◆ TASK TO COMPLETE
Please return only the lines from the one with "Specialized Stumpjumper 15" through the final line of the data, unchanged, with pictures omitted.

*** Block opens ***

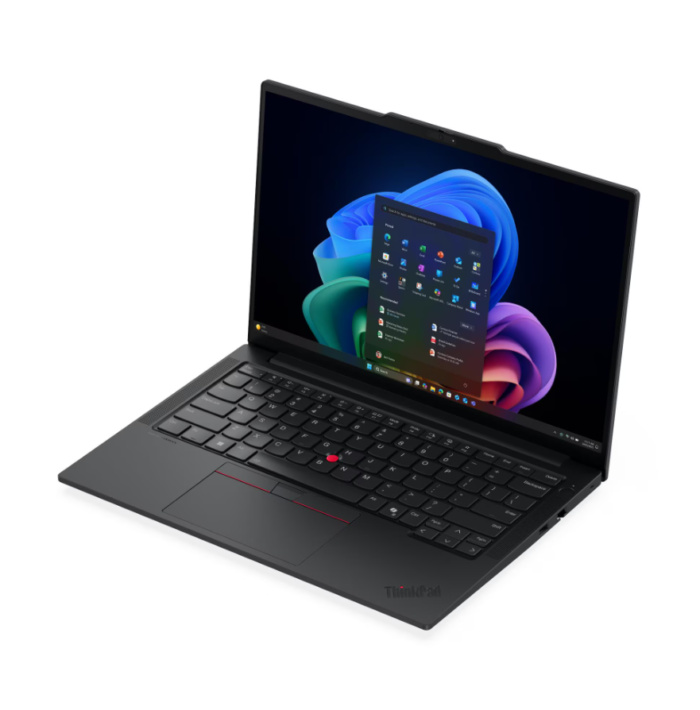 Lenovo ThinkPad E14 G8 Intel | Black | 14 " | IPS | WUXGA | 1920 x 1200 pixels | Anti-glare | Intel Core 5 | 320 | 16 GB | SODIMM DDR5 | Solid-state drive capacity 512 GB | Intel Graphics | Windows 11 Pro | 802.11ax | Bluetooth version 5.3 | Keyboard language Nordic | Keyboard backlit | Warranty 36 month(s) | Battery warranty 12 month(s)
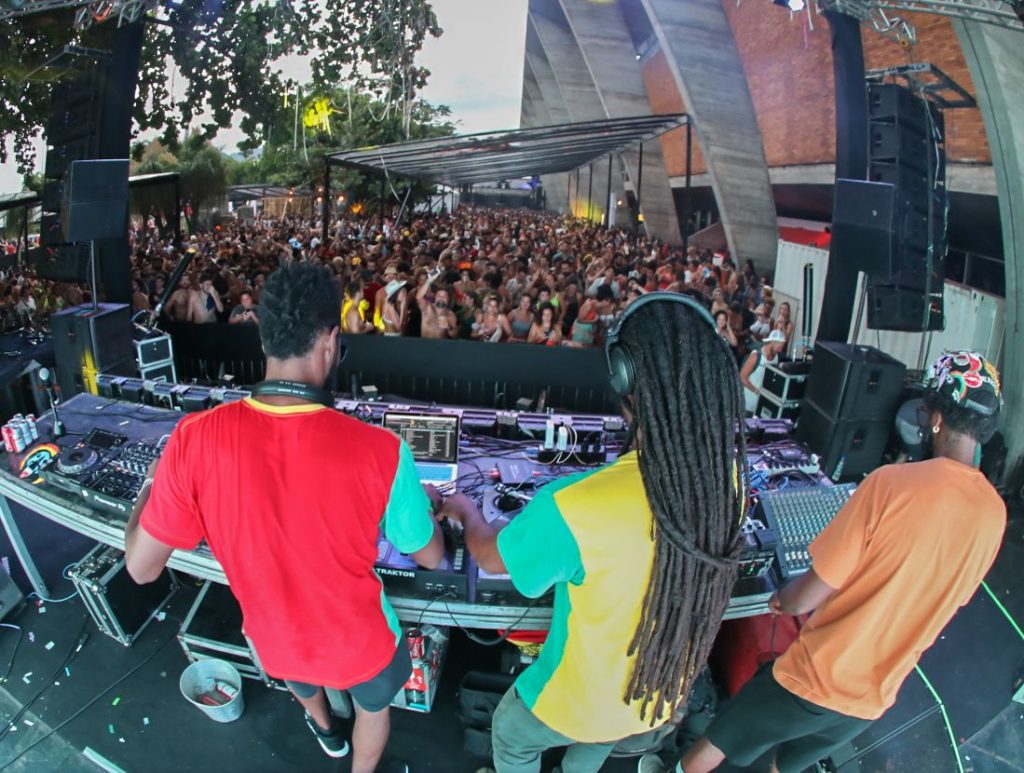 DEEJAY COMERCIO &raquo; Gnews Bahia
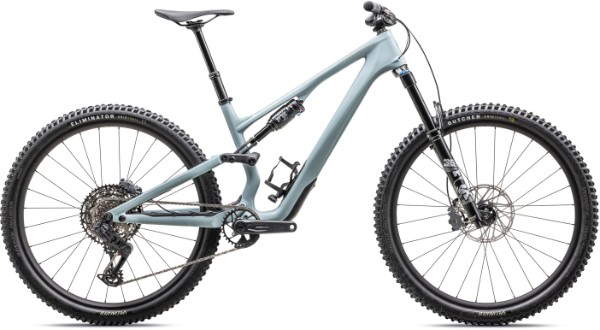 Specialized Stumpjumper 15 Comp 2025 Mountain Bike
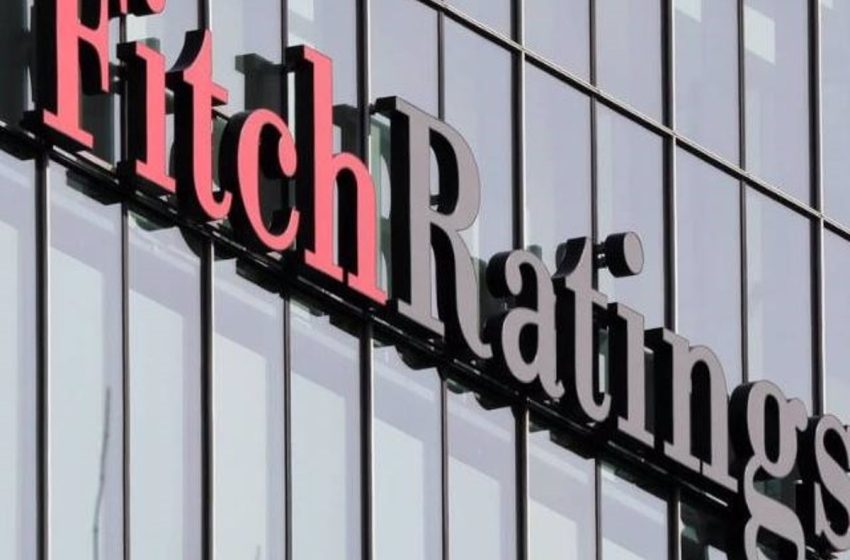  Fitch confirma el rating ‘A-‘ con perspectiva estable de España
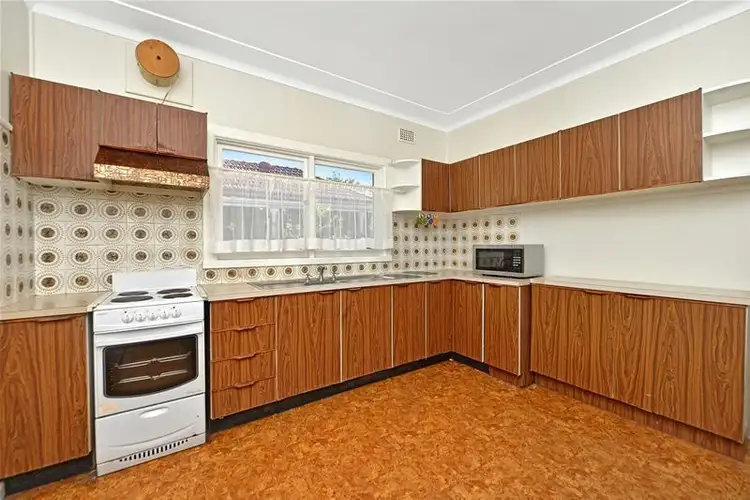 Third view of Homely house listing, 218 Hector Street, Chester Hill NSW 2162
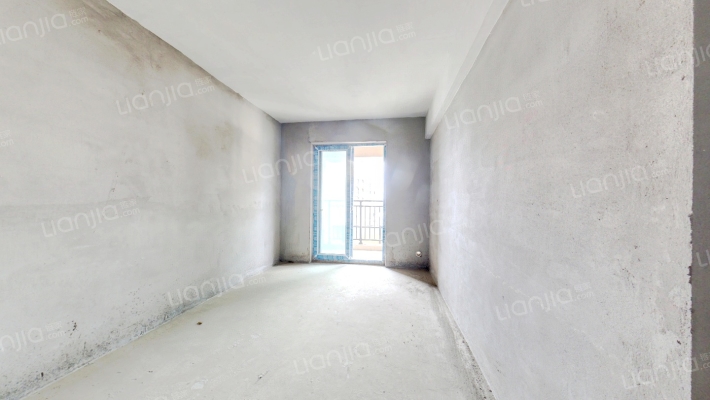 花样年锦绣城B区二手房实景图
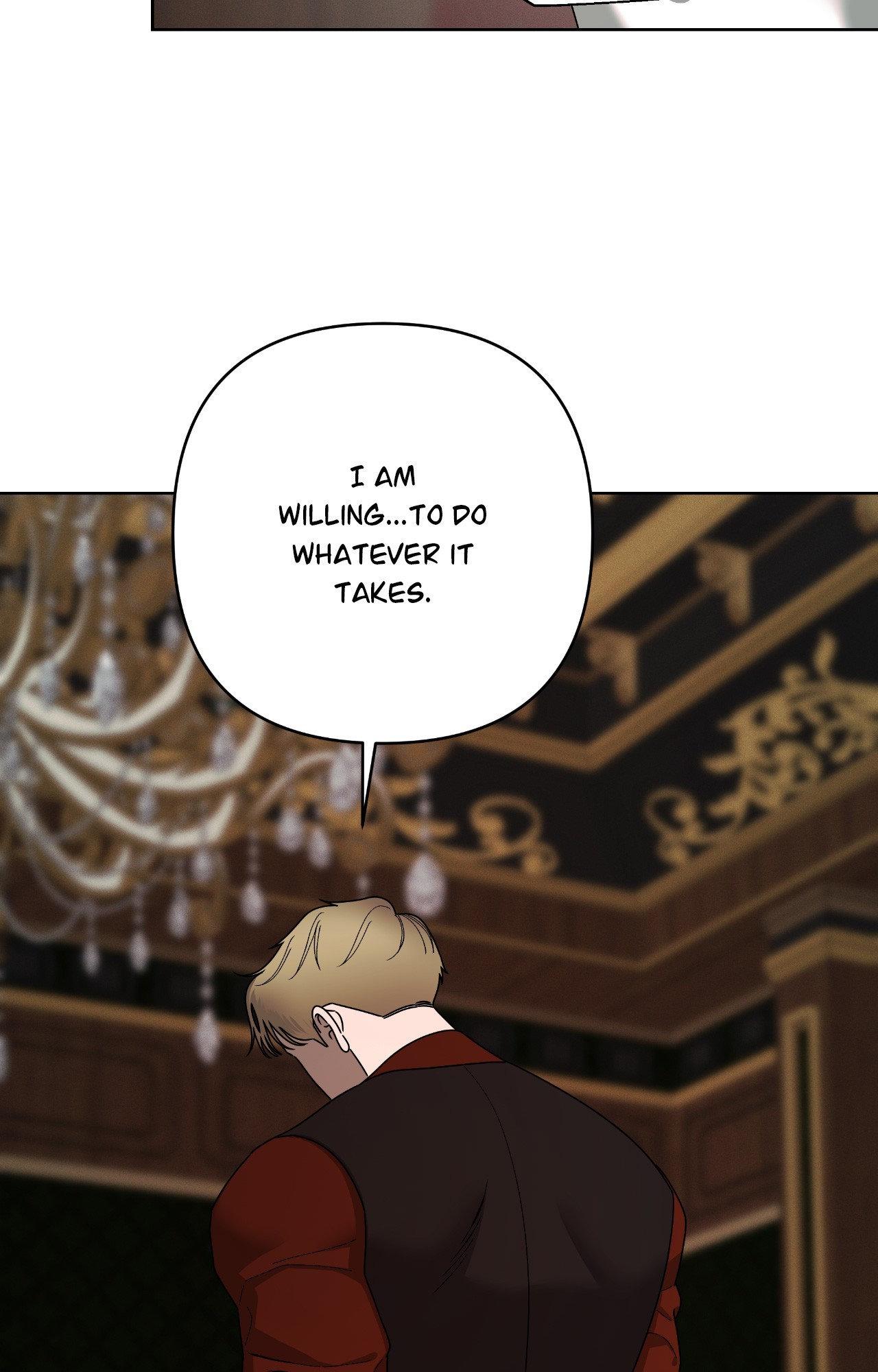 The Case of Doctor Agato [Official Uncensored] - Chapter 15 manhwa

*** Block closes ***

◆ ANSWER TO THE EXERCISE
 Specialized Stumpjumper 15 Comp 2025 Mountain Bike
  Fitch confirma el rating ‘A-‘ con perspectiva estable de España
 Third view of Homely house listing, 218 Hector Street, Chester Hill NSW 2162
 花样年锦绣城B区二手房实景图
 The Case of Doctor Agato [Official Uncensored] - Chapter 15 manhwa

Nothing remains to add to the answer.